Pourquoi le déficit français s'aggrave à un niveau record
Le déficit budgétaire de la France a dépassé les prévisions en 2023, ont montré mardi les chiffres officiels, mettant à mal l'engagement du président Emmanuel Macron de remettre les finances nationales sur les rails au cours des quatre prochaines années.
Le déficit public a grimpé à 5,5% du produit intérieur brut, soit 154 milliards d'euros (167 milliards de dollars), a indiqué l'agence statistique Insee.

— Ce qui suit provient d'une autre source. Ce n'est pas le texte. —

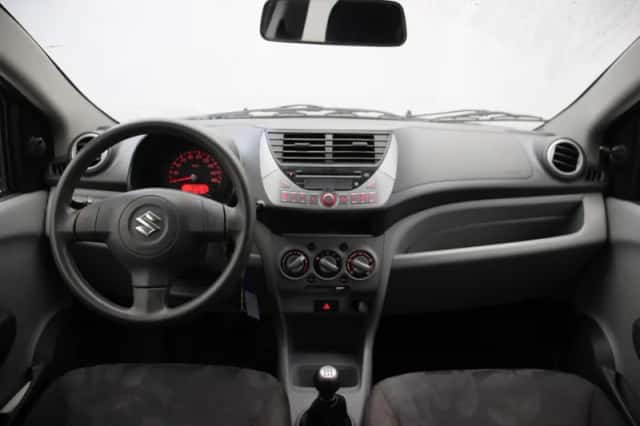 Suzuki Alto (2010) thumbnail 2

Ce dérapage est "majeur" et "très, très rare" dans l'histoire budgétaire française, a déclaré Pierre Moscovici, président de la Cour des comptes, la plus haute institution de contrôle française chargée de veiller à la responsabilité budgétaire.
Le gouvernement avait déjà prévenu ces dernières semaines qu'il ne parviendrait pas à atteindre son propre déficit estimé à 4,9 % du PIB, citant comme facteurs clés le ralentissement économique mondial et la guerre en Ukraine.
Les recettes fiscales se sont avérées bien pires que prévu l'année dernière, a déclaré mardi le gouvernement.
La France a annoncé 10 milliards d'euros de réductions de dépenses pour atteindre son objectif de déficit pour cette année de 4,4 pour cent du PIB.
"Le déficit est devenu fou", a déclaré Marc Touati, économiste, sur X, ex-Twitter, qualifiant de "dangereuse" la dégradation des finances publiques.
Le ministre français de l'Economie, Bruno Le Maire, s'est déclaré mardi "totalement opposé à toute augmentation d'impôts" visant à réduire l'écart.
"On peut parfaitement faire des économies sur les dépenses publiques sans mettre les poches des Français", a-t-il déclaré sur RTL.
Comme tous les membres de la zone euro, la France s'est engagée à maintenir son déficit en dessous de trois pour cent du PIB.
Cette exigence, convenue entre les membres de l'Union européenne dans le cadre de leur pacte de stabilité et de croissance, a été suspendue depuis 2020 d'abord pour permettre aux pays de faire face à la pandémie de Covid, puis aux retombées économiques de l'invasion de l'Ukraine par la Russie.
Le Maire a déclaré mardi qu'il maintenait l'objectif de la France de ramener le déficit en dessous de trois pour cent du PIB d'ici 2027, promettant sa "détermination totale" à y parvenir.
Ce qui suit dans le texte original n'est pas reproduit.